Etrange ambiance que celle qui régnait sur le plateau d'On n'est pas couché ce samedi 16 avril... Laurent Ruquier recevait le chanteur Gérald de Palmas pour l'album La Beauté du geste, le comédien et réalisateur Manu Payet pour le film Tout pour être heureux, mais aussi Julien Boisselier et Chloé Lambert, venus présenter la pièce La Médiation (actuellement au théâtre de Poche-Montparnasse).
En plateau, le réalisateur François Ruffin venait évoquer son documentaire Merci Patron! sorti dans les salles au mois de février, qui a rencontré un joli succès. Ce film est tout simplement la matrice, le film référence, qui a donné naissance au mouvement Nuit debout, lequel prend ses quartiers chaque nuit sur la place de la République, à Paris, depuis plusieurs semaines. Sauf que François Ruffin est visiblement venu accompagné de quelques soutiens dans le public. Des personnes qui se sont vraisemblablement inscrites comme n'importe quel spectateur souhaitant assister à l'émission, à l'annonce de la venue de leur représentant.
Or, l'invité politique de la semaine n'était autre que Pierre Gattaz, président du MEDEF, le syndicat des patrons... Une coïncidence presque trop belle. Les militants de Nuit debout - qui d'abord tenté d'envahir le plateau affublés de masques à l'effigie de Nicolas Sarkozy ou autre Patrick Balkany - n'ont pas boudé leur plaisir. Ni manqué de siffler ou huer Gattaz à la moindre de ses interventions, quelle que soit la qualité de ces dernières. Les applaudissements étaient, quant à eux, réservés aux remarques de Léa Salamé et Yann Moix, lorsqu'ils se montraient coriaces à l'égard de l'invité, emblème ultime du patronnat français. Les rires, quant à eux, fusaient lorsque Pierre Gattaz utilisait un peu trop la langue de bois.
Je vous en supplie, laissez cette émission se dérouler le plus normalement possible
Si, d'ordinaire, le public d'On n'est pas couché est plutôt encouragé à réagir, ce lynchage ne pouvait se poursuivre.

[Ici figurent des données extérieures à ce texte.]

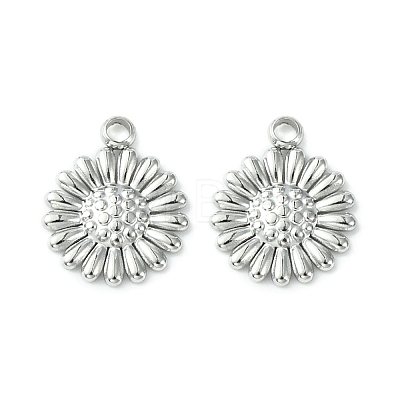 Non-Tarnish 304 Stainless Steel Charms LS-STAS-L269-062P-1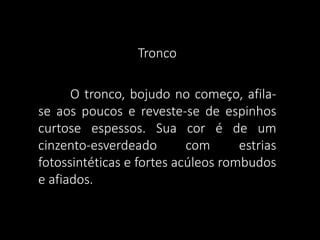 Tronco
O tronco, bojudo no começo, afilase aos poucos e reveste-se de espinhos
curtose espessos. Sua cor é de um
cinzento-esverdeado
com
estrias
fotossintéticas e fortes acúleos rombudos
e afiados.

Une dizaine de minutes après l'arrivée de l'invité politique, Laurent Ruquier a recadré les spectateurs, et plus particulièrement les quelques dizaines de militants de Nuit debout qui se faisaient entendre : "On ne pourra pas continuer le débat si vous ne laissez pas parler. Je voudrais parler aux jeunes qui sont ici ce soir, et qui font partie du mouvement Nuit debout. Y'a pas tant d'émissions que ça où le débat est possible et où on invite des gens aussi opposés que l'on a ce soir. Si vous pouviez au moins reconnaître à notre émission le fait d'organiser ça et qu'un débat puisse avoir lieu, laissez-le faire dans de bonnes conditions. Après, je comprendrais que Monsieur Gattaz ne souhaite pas rester et ça serait peine perdue", s'est agacé Laurent Ruquier dans un premier temps.
Il poursuit : "Il a eu la gentillesse de respecter notre invitation et ne s'est pas défilé quand il a vu le nom de François Ruffin sur la liste des invités. Quand vous êtes intervenus au début, je n'ai rien dit. Maintenant, je vous en supplie, laissez cette émission se dérouler le plus normalement possible, en n'intervenant pas à chaque fois que Monsieur Gattaz va parler. François Ruffin, Yann Moix, Léa Salamé et moi aussi, nous serons là pour le contredire. Si on est tous d'accord là-dessus, l'émission pourra continuer. Autrement, nous ne pourrons pas poursuivre", a recommandé l'animateur.
A l'issue de l'émission, le mouvement Nuit debout s'est exprimé sur Twitter, déplorant que la "quarantaine d'activistes" a finalement été "expulsée du plateau" par la sécurité. Leurs cartes d'identité auraient été saisies pour être photocopiées. "A Pierre Gattaz et l'équipe de On n'est pas couché, les citoyen(ne)s de Nuit debout demandent de cesser ces tentatives d'intimidation, et rappellent qu'un peu d'humour et de liberté d'expression à l'heure actuelle est plus que nécessaire !", a conclu le mouvement sur son compte officiel.
Les activistes n'ont vraisemblablement pas prémédité leur coup puisque chaque semaine, le nom de l'invité politique est gardé secret jusqu'à quelques minutes avant le tournage de l'émission afin d'éviter la présence de militants pro ou anti, et de préserver l'objectivité du public de l'émission.